In Sri Lanka, we talked about child marriage in a few of my discussions, the issue is related to poverty. When mothers have migrated the adolescent girls are married off quickly, sometimes for her ‘protection’.

There is no debate at all about the fact of the girls marrying before the age of 18. They are in danger of not completing their education, of having children too early before they are physically and emotionally prepared, of not understanding how to avoid abuse. Child marriage is not a good thing anywhere, it is something universally acknowledged.

In Australia, it is strictly against the law to marry off a girl below the legal age of 18, we have had some very well publicized cases. Anyone associated with child marriage will be prosecuted, it is a serious crime, it is important for countries to have a law about the minimum age for marriage.

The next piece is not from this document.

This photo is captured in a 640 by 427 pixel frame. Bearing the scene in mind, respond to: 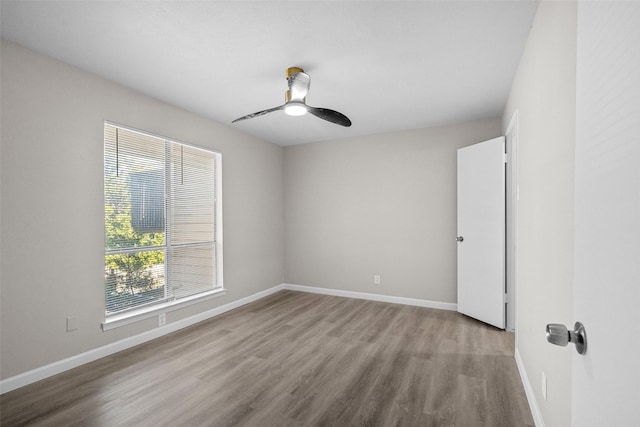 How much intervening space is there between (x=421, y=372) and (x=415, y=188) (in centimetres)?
256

In some of the regions marriage and birth registrations are not performed hence, addressing this issue is difficult. But this is not an issue for Sri Lanka.

Q: There is a lot of talk in Sri Lanka lately on the re-introduction of Capital Punishment. Do you think this will be a better preventive tool against rape and other brutal forms of violence against women, given there are very low convictions on such crime ?

A: In countries which have the capital punishment, they still have very high rates of rape and crimes against women. Australia had the capital punishment but it is no longer legal.

We believe taking a life is unlawful in any circumstance. In Sri Lanka this has not been exercised for many years I understand it is being debated at the moment because of the very real problem of drugs, it is something the government has to decide.

I used to work in the Office of Correction, this is something that we debated when a serial killer is caught. But there is no real correspondence between the crime rate and capital punishment. You can make sure the offenders will never have another chance by giving them life imprisonment but at the end of the day, no one has a right to take a life.